**Source material**

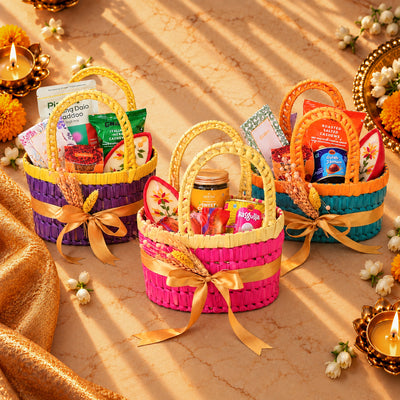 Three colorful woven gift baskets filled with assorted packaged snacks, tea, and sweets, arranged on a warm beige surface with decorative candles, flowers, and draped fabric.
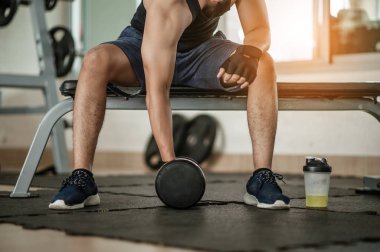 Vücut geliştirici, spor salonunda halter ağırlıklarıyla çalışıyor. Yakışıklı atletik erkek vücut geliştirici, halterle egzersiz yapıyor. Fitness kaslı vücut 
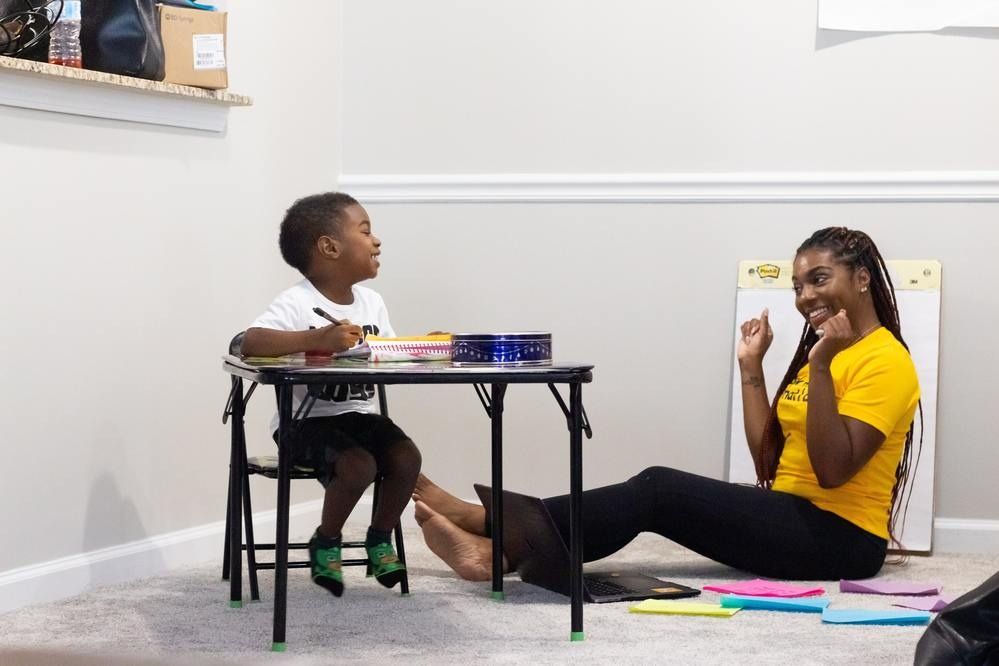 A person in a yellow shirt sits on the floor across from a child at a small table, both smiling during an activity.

**What is required**
Please repeat the listing above word for word, with the pictures removed.

**Exercise solution**
 Three colorful woven gift baskets filled with assorted packaged snacks, tea, and sweets, arranged on a warm beige surface with decorative candles, flowers, and draped fabric.
 Vücut geliştirici, spor salonunda halter ağırlıklarıyla çalışıyor. Yakışıklı atletik erkek vücut geliştirici, halterle egzersiz yapıyor. Fitness kaslı vücut 
 A person in a yellow shirt sits on the floor across from a child at a small table, both smiling during an activity.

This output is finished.